A couple of weeks ago, one of my favorite splurges arrived in the mail. Culture Magazine enticed me with a sexy, sexy photo of Jasper Hill's Winnimere and I was won over. I joined their Centerfold Club (a.k.a. the cheese porn club). So now, every few months, a beautiful and often hard-to-find cheese arrives at my doorstep. The last go-round was Dafne, a superb goat's milk cheese from Goat's Leap creamery in sunny California. It is a seriously pretty cheese. Packaging had done some damage to it, however: the bottom of the cheese had some blue mould spore contamination and some of the downy coating of penicillium camemberti had died off, either as a result of improper packaging, or just an imperfect balance of geotrichum to penicillium ratios. Regardless, it was a stately cheese, decorated by a simple olive leaf (I think it was olive), broken in half and crossed over the surface of the round. As a bloomy-rind cheese, I expected the typical oooey-gooey center. Instead, I was surprised to see a dense, moist, friable paste; velvety really is the word for it. It was consistient throughout, as opposed to having several layers of maturation within, typical of many bloomy-rinds. It was very, very pretty.
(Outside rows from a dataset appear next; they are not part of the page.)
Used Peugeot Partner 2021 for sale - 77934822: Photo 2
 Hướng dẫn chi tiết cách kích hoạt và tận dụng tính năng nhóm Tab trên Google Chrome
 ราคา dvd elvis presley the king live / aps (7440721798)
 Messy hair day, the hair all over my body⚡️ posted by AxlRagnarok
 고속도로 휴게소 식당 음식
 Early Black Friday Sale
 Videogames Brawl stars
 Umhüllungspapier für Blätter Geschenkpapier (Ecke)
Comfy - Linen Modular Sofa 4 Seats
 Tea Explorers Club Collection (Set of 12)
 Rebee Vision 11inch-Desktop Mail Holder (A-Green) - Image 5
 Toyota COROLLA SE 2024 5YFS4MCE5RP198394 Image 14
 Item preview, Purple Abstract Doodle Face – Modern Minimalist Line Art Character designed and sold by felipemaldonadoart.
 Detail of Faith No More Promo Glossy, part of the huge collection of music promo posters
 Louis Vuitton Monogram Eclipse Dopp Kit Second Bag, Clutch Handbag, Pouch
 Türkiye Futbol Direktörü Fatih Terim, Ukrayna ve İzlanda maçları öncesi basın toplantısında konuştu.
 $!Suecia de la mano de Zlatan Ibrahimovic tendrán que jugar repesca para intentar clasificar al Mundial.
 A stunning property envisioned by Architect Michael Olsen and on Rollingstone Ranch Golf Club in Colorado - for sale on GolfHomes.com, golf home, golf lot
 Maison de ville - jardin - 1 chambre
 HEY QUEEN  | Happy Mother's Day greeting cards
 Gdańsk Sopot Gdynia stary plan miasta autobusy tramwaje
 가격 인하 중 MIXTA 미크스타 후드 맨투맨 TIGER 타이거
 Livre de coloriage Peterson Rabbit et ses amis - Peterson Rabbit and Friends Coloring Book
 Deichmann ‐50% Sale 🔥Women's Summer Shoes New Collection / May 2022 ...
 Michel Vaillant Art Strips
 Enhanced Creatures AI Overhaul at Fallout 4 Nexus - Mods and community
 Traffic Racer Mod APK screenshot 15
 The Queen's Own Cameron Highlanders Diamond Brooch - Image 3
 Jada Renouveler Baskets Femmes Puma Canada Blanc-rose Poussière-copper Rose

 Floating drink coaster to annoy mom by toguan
I cut a wedge out and smelled it, expecting to detect at least some of that musky, super-earthy goatiness, but there was hardly any. When I first tasted it it was disappointingly neutral, too "clean" as some cheesemakers call it, referring to the extreme hygiene in dairies and especially problematic in pasteurized cheeses. Of course, it could also have been a bit too young, since as I enjoyed it over the next week or so, the flavors continued to develop and increase in complexity, but subtly. This cheese is subtly complex. Controlled, might be a good word. As I continued to taste it, it was clear that the rind was doing its job, as that's where all the flavor was coming from. It was lovely: floral with only the mildest hint of earthy goatiness; mildly sour and sweetly lactic. There is complexity in this cheese, but you have to wait for it. As it got a bit older, I sprinkled some over a plate of sliced tomatoes with basil and my best balsamic vinegar. It was fantastic this way. The cheese had strengthened in flavor, but was subtle enough to compliment the tomatoes and vinegar without being either overpowering or absent, as is the case with most goat cheeses. Overall, I give it a 4.